**WHAT TO PRODUCE**
All the entries that follow must be written out again exactly.

**EXERCISE INPUT**
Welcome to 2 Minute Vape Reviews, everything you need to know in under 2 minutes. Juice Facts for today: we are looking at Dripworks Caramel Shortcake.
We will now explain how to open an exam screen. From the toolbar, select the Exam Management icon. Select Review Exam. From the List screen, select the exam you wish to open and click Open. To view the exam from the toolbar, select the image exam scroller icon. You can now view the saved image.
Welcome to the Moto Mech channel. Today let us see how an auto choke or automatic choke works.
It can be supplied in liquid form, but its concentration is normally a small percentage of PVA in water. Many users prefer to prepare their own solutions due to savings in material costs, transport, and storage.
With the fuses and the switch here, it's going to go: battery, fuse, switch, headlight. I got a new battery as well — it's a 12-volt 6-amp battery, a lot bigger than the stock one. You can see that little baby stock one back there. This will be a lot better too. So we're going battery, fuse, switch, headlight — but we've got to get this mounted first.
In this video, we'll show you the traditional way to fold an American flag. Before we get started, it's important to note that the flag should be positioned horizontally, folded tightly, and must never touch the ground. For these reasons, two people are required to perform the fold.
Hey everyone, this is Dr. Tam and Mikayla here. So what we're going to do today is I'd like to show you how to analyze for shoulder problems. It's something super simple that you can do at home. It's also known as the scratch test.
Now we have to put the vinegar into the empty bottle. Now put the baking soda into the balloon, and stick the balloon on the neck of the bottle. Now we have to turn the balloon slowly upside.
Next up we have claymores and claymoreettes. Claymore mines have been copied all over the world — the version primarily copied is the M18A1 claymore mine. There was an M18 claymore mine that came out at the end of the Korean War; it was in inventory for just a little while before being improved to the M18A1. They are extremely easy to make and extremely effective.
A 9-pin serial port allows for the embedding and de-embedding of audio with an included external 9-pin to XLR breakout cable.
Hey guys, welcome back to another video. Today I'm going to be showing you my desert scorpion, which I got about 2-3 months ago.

**FINISHED TASK**
Welcome to 2 Minute Vape Reviews, everything you need to know in under 2 minutes. Juice Facts for today: we are looking at Dripworks Caramel Shortcake.
We will now explain how to open an exam screen. From the toolbar, select the Exam Management icon. Select Review Exam. From the List screen, select the exam you wish to open and click Open. To view the exam from the toolbar, select the image exam scroller icon. You can now view the saved image.
Welcome to the Moto Mech channel. Today let us see how an auto choke or automatic choke works.
It can be supplied in liquid form, but its concentration is normally a small percentage of PVA in water. Many users prefer to prepare their own solutions due to savings in material costs, transport, and storage.
With the fuses and the switch here, it's going to go: battery, fuse, switch, headlight. I got a new battery as well — it's a 12-volt 6-amp battery, a lot bigger than the stock one. You can see that little baby stock one back there. This will be a lot better too. So we're going battery, fuse, switch, headlight — but we've got to get this mounted first.
In this video, we'll show you the traditional way to fold an American flag. Before we get started, it's important to note that the flag should be positioned horizontally, folded tightly, and must never touch the ground. For these reasons, two people are required to perform the fold.
Hey everyone, this is Dr. Tam and Mikayla here. So what we're going to do today is I'd like to show you how to analyze for shoulder problems. It's something super simple that you can do at home. It's also known as the scratch test.
Now we have to put the vinegar into the empty bottle. Now put the baking soda into the balloon, and stick the balloon on the neck of the bottle. Now we have to turn the balloon slowly upside.
Next up we have claymores and claymoreettes. Claymore mines have been copied all over the world — the version primarily copied is the M18A1 claymore mine. There was an M18 claymore mine that came out at the end of the Korean War; it was in inventory for just a little while before being improved to the M18A1. They are extremely easy to make and extremely effective.
A 9-pin serial port allows for the embedding and de-embedding of audio with an included external 9-pin to XLR breakout cable.
Hey guys, welcome back to another video. Today I'm going to be showing you my desert scorpion, which I got about 2-3 months ago.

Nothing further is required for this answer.